■ SOURCE DATA
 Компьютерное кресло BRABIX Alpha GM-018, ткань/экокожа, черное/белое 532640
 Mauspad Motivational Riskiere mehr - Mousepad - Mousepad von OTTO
...
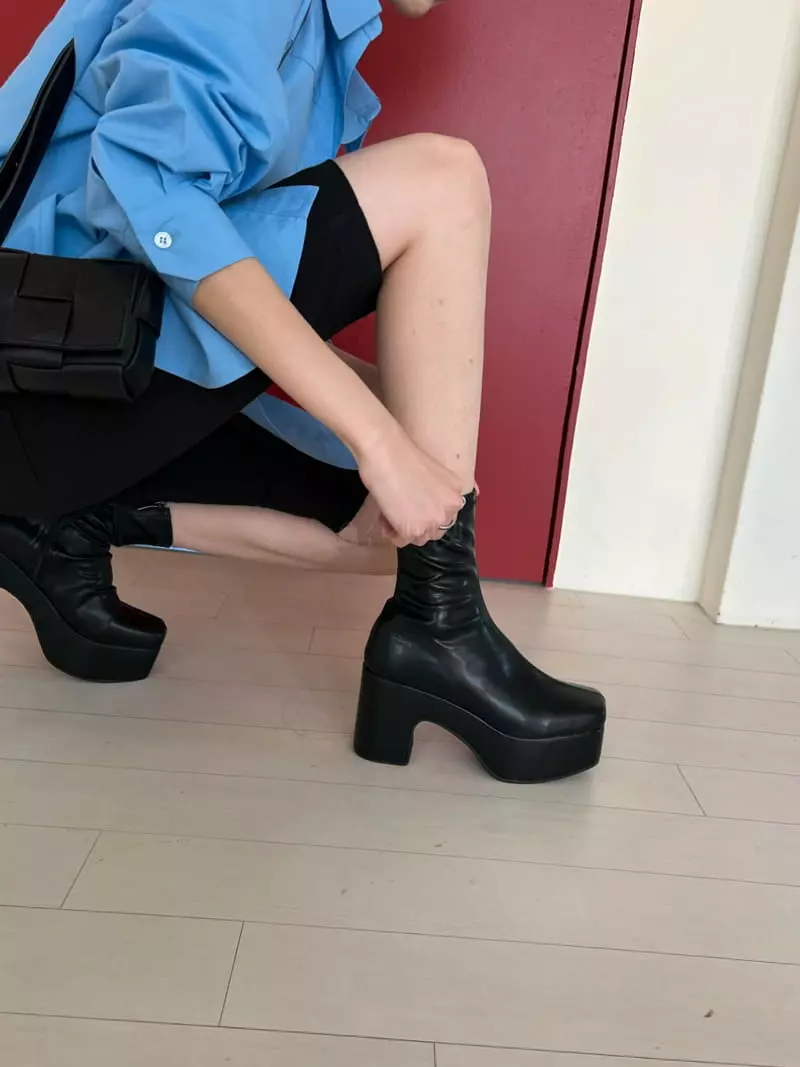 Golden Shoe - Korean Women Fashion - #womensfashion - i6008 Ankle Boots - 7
...
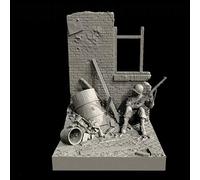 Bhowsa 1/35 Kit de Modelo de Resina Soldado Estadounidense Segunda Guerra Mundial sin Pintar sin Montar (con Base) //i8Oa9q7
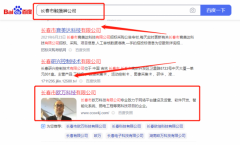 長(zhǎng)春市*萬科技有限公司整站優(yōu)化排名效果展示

■ ACTION ITEM
The material above holds pictures; leave them out. Repeat exactly the lines from the one containing "Bhowsa 1/35 Kit" through the one containing "長(zhǎng)春市*萬科技有限公司整站優(yōu)化排名效果展示", and nothing else.

■ OUTPUT
 Bhowsa 1/35 Kit de Modelo de Resina Soldado Estadounidense Segunda Guerra Mundial sin Pintar sin Montar (con Base) //i8Oa9q7
 長(zhǎng)春市*萬科技有限公司整站優(yōu)化排名效果展示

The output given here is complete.